▸ Work to complete
Your task is to reproduce exactly the lines from the line with "2020 Chrysler Pacifica Touring-L" through the end of the records below.

Recorded data:
☆ ☆ ☆ ☆
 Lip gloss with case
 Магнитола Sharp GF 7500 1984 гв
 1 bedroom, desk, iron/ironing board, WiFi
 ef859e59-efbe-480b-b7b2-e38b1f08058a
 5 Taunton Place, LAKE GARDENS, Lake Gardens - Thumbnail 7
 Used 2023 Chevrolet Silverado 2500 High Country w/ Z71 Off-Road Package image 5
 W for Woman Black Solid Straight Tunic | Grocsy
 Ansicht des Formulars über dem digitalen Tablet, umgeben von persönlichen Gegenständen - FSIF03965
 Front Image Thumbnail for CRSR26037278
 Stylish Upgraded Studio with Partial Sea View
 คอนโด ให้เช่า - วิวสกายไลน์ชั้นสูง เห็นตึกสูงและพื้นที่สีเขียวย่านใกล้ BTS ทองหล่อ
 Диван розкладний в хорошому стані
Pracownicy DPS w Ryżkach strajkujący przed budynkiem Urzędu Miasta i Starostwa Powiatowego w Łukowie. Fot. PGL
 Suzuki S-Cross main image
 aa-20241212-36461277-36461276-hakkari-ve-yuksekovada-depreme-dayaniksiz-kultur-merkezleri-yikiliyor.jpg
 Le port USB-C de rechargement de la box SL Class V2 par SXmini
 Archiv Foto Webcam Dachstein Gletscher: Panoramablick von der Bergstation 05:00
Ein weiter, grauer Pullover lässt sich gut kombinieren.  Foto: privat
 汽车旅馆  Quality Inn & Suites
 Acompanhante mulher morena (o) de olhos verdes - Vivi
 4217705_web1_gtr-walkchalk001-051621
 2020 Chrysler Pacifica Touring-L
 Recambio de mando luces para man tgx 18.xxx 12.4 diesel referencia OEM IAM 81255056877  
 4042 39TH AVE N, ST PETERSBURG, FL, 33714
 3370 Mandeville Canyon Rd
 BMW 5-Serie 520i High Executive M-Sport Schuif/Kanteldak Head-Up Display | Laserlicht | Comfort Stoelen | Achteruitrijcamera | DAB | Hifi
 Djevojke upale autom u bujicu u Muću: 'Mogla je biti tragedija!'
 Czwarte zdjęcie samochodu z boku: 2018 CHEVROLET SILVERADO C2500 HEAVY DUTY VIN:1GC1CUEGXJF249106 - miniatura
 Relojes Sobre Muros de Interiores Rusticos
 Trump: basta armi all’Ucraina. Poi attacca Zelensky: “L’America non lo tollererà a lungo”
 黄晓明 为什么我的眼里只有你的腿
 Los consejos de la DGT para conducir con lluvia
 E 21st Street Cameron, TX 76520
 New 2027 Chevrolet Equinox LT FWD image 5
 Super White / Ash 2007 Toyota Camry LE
☆ ☆ ☆ ☆
▸ Written solution
 2020 Chrysler Pacifica Touring-L
 Recambio de mando luces para man tgx 18.xxx 12.4 diesel referencia OEM IAM 81255056877  
 4042 39TH AVE N, ST PETERSBURG, FL, 33714
 3370 Mandeville Canyon Rd
 BMW 5-Serie 520i High Executive M-Sport Schuif/Kanteldak Head-Up Display | Laserlicht | Comfort Stoelen | Achteruitrijcamera | DAB | Hifi
 Djevojke upale autom u bujicu u Muću: 'Mogla je biti tragedija!'
 Czwarte zdjęcie samochodu z boku: 2018 CHEVROLET SILVERADO C2500 HEAVY DUTY VIN:1GC1CUEGXJF249106 - miniatura
 Relojes Sobre Muros de Interiores Rusticos
 Trump: basta armi all’Ucraina. Poi attacca Zelensky: “L’America non lo tollererà a lungo”
 黄晓明 为什么我的眼里只有你的腿
 Los consejos de la DGT para conducir con lluvia
 E 21st Street Cameron, TX 76520
 New 2027 Chevrolet Equinox LT FWD image 5
 Super White / Ash 2007 Toyota Camry LE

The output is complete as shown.